I had a fort where I made a covered road from the map edge to my depot by way of raised bridges on the side and constructed floors above it at the edge before it went underground. After some forgotten beasts made a mess of things I reclaimed and that section of covered edge was no longer a valid spawning point for caravans (and probably others) even after deconstructing the floor above. If I knew were to look I could try to see if there is data value involved. I suppose another reclaim after uncovering those edge tiles might fix it too, but the other reclaim bugs I had made that fort rather disappointing.
That would be consistent with it being re-calculated on each embark, then stored with the site data for the duration of that embark.
Oh hey! I found a likely data sequence in world.sav that matches this theory!
Bastardizing the bt hex edit format from the world parsing thread, something like this, where they're all 16 bit integers.
short count_x;
short x_coords[count_x];
short count_y;
short y_coords[count_y];
short count_z;
short z_coords[count_z];
Where all the count_.'s are the same, and the resulting coordinates appear to match the edge tiles. I can see gaps in the sequence where trees are growing on the map edge. I'll try editing this section and see if my caravan moves around.

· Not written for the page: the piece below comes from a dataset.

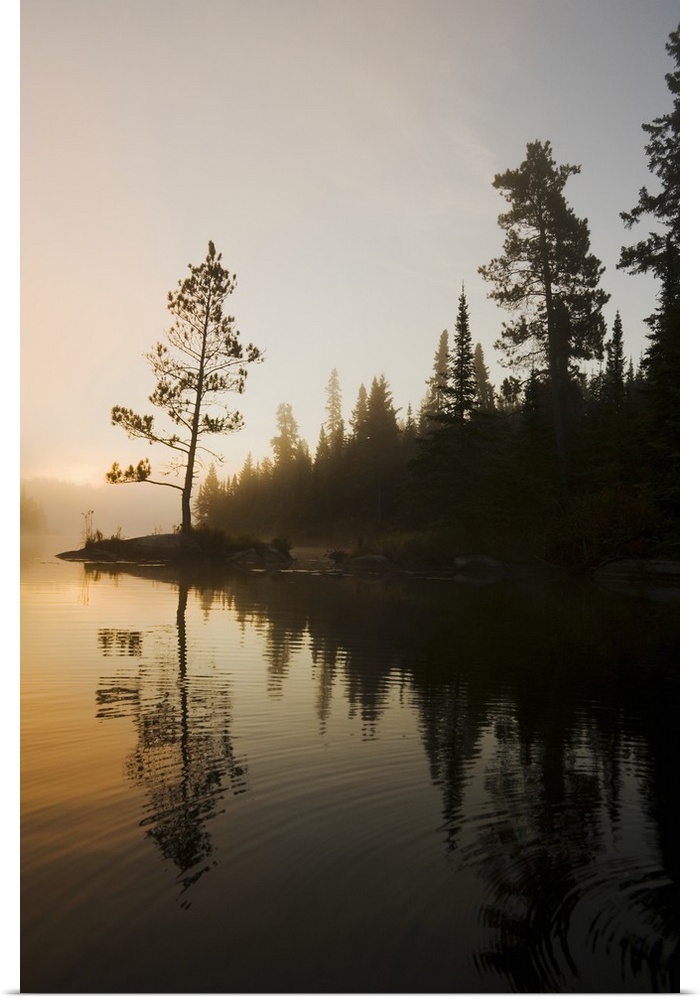 Great BIG Canvas "Tree Silhouettes By Rushing River, Kenora, Ontario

Um, this might not relate to dfhack anymore, except to maybe help identify how the migrant/caravan/diplomat-eligible tiles might appear in memory. Please tell me if it should move to another thread.
Edit: Success!
The visitor-eligible tiles are definitely determined at embark, and stored in a static set of coordinates that can be edited to change where they may appear. That doesn't completely rule out other sets of coordinates for other civilizations.